In this work, a new method to detect violence in videos using soft computing methods has been proposed. The proposed method provides promising results for video surveillance contexts, as well as for rather more complicated scenarios such as those with crowds of people. The results from the experiments give accuracies above 97% for the SBU Kinect database, where only two people appear and videos are recorded close to where actions are actually happening. Even in a much more challenging database, such as the Violent-Flows database, where one can find unconstrained environments and actions performed by crowds of people, the recognition rate is above 84 %. As a result, our proposal may be applied to monitor automatically violent behaviors in smart cities using both video surveillance cameras and videos uploaded to social media.

Future works aim at applying the proposed algorithm to real-time videos, such as the ones streamed live in social networks. We are currently adapting the method to work with GPUs and parallelizing the most time-consuming steps in the algorithm, such as computing the Radon transform.
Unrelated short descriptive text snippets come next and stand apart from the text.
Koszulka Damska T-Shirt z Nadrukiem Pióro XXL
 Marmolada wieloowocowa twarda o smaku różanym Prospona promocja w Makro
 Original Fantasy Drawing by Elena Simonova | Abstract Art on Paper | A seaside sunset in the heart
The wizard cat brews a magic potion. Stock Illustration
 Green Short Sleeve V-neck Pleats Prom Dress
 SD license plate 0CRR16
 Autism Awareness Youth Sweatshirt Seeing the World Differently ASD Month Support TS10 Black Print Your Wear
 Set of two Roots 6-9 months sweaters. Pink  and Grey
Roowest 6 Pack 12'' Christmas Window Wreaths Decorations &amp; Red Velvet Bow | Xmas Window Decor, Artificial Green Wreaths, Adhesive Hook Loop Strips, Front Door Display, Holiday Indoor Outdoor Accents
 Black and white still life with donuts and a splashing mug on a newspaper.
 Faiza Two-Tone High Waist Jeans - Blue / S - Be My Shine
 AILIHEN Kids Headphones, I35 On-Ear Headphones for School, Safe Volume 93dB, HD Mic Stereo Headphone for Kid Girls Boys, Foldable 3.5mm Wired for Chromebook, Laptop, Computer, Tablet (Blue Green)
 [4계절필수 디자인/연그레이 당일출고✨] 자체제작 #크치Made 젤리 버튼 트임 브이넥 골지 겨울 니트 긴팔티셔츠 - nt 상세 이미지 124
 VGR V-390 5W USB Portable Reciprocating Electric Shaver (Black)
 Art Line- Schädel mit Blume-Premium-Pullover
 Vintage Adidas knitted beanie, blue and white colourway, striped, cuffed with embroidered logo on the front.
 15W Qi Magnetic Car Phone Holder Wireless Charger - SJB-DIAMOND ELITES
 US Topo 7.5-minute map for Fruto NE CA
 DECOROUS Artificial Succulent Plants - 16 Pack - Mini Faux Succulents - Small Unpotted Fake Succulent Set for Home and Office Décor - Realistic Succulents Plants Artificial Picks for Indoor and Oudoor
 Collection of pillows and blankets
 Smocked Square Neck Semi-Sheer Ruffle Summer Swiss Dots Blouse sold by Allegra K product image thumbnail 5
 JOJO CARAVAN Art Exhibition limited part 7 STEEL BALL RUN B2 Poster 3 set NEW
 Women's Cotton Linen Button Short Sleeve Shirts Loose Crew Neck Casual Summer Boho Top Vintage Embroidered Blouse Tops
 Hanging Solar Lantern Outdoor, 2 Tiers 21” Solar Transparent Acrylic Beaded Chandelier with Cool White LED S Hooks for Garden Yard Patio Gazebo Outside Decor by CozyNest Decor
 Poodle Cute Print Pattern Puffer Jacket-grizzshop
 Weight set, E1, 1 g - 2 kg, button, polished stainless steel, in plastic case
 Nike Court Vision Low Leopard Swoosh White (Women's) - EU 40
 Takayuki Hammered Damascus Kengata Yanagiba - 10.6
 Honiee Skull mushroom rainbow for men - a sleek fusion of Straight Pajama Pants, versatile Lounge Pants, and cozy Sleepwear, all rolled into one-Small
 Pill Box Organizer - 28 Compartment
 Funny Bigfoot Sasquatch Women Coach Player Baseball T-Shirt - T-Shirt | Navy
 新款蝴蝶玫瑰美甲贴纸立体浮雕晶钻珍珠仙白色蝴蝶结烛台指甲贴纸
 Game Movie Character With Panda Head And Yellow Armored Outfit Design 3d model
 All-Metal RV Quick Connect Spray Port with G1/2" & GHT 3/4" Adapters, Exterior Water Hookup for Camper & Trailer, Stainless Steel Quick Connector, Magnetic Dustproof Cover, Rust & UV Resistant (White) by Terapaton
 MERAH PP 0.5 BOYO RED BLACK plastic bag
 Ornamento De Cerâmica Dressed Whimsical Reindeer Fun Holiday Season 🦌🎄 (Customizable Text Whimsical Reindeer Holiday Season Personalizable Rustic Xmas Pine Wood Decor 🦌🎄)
Another improvement under development is trying to minimize the blur caused by global motion, such as camera motion, which can also cause blurring in the image and cause the local blurring produced by the movement of a person to be clearly distinguished.

To sum up, a smart city must provide its citizens with a protective comfort with the help of access control systems and civil security, until ensuring transparent navigation on social and collaborative platforms based on the Internet. As a conclusion, we think that in a near future our contribution may help to build new solutions to improve security in smart cities.